(Task details):
Write back every line of the listing exactly, excluding images.

(Supplied data):
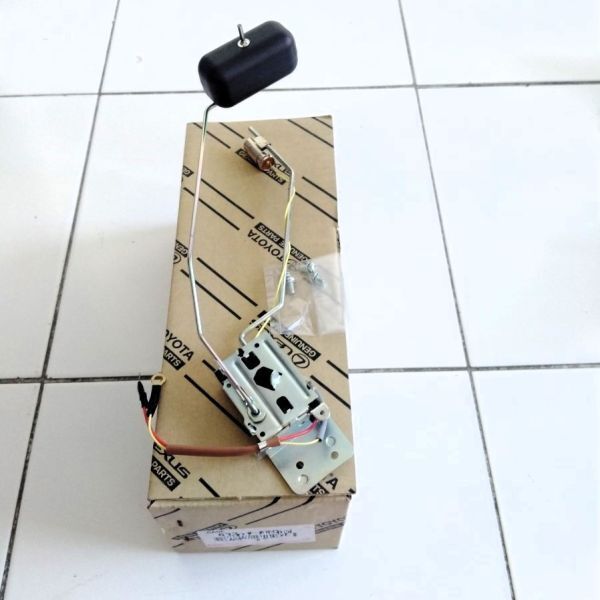 トヨタ 純正品 80系 ランドクルーザー ランクル HDJ81,HZJ81 フューエルセンダゲージ ASSY 燃料レベルセンサー Fuel sender gauge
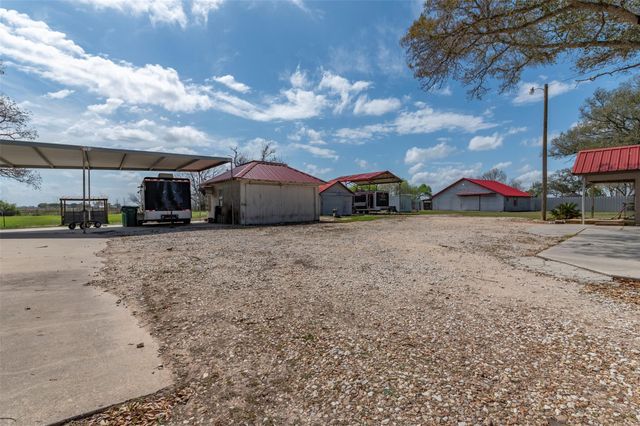 834 County Road 408, El Campo, TX 77437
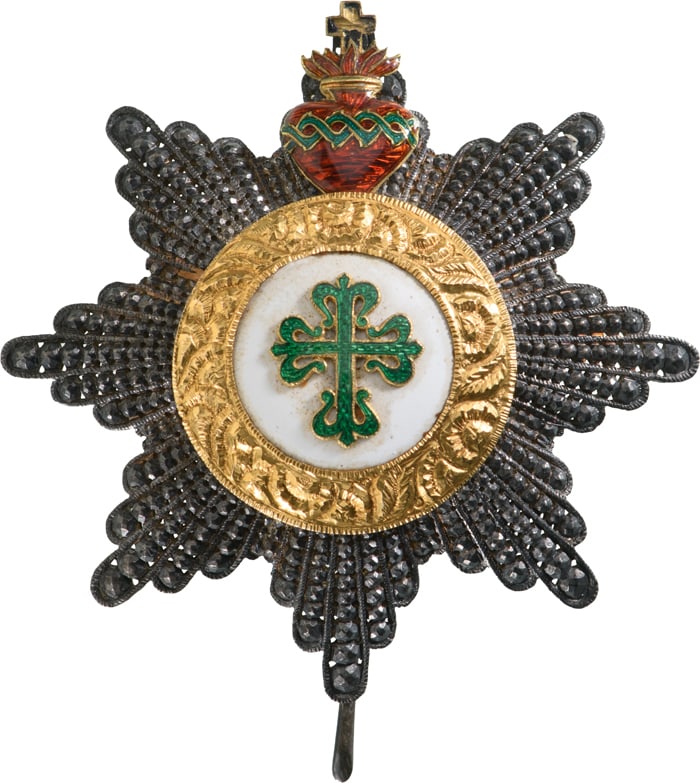 Royal Order of Aviz: Breast Star of slighly reduced size, 62 mm, with excellently chiseled and pierced rays, white enameled centre medallion bearing the Order's cross in Gold with chiseled details and green enamel, broad,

(Exercise solution):
 トヨタ 純正品 80系 ランドクルーザー ランクル HDJ81,HZJ81 フューエルセンダゲージ ASSY 燃料レベルセンサー Fuel sender gauge
 834 County Road 408, El Campo, TX 77437
 Royal Order of Aviz: Breast Star of slighly reduced size, 62 mm, with excellently chiseled and pierced rays, white enameled centre medallion bearing the Order's cross in Gold with chiseled details and green enamel, broad,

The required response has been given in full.